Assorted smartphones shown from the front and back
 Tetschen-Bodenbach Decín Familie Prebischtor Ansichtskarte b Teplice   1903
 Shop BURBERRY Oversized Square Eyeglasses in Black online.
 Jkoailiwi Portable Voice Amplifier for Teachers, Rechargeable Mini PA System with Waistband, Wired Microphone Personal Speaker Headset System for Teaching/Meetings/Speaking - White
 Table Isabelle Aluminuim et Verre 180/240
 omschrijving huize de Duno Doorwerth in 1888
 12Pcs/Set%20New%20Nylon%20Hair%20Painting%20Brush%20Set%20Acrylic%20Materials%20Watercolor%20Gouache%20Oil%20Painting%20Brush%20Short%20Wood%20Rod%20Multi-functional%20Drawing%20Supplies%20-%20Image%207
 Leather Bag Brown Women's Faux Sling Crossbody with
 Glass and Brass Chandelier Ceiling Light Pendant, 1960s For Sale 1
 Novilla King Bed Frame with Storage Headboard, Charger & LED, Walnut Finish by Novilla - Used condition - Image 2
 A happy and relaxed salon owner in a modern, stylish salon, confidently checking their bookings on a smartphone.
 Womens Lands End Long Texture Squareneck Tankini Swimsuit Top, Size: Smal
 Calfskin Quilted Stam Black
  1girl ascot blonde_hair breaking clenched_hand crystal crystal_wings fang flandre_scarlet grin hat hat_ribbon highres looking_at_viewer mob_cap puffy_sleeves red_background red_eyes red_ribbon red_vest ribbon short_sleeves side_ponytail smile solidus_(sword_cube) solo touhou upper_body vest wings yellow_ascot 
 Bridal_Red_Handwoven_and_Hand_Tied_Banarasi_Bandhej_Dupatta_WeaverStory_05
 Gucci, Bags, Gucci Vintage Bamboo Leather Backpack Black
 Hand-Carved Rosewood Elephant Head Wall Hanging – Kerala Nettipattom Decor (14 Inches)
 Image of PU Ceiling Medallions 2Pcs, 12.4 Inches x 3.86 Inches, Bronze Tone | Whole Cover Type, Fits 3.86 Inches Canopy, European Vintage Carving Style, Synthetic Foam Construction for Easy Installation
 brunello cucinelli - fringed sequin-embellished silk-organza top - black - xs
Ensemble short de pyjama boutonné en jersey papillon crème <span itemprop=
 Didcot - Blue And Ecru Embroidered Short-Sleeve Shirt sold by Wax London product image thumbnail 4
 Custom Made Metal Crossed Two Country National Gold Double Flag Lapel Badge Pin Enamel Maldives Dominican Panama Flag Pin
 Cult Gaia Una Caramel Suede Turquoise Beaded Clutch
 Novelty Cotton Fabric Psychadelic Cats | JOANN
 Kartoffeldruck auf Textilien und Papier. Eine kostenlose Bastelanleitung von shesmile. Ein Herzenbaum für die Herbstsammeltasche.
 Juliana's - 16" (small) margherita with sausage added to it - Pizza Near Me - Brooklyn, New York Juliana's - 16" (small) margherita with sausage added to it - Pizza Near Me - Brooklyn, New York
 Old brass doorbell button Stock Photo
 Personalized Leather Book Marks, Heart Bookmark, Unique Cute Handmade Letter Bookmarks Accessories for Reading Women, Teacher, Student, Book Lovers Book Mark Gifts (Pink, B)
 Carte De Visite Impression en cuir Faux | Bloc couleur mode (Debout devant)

Task goal:
Where the material contains a line with "Vintage", return that line.

Your solution:
 Gucci, Bags, Gucci Vintage Bamboo Leather Backpack Black
 Image of PU Ceiling Medallions 2Pcs, 12.4 Inches x 3.86 Inches, Bronze Tone | Whole Cover Type, Fits 3.86 Inches Canopy, European Vintage Carving Style, Synthetic Foam Construction for Easy Installation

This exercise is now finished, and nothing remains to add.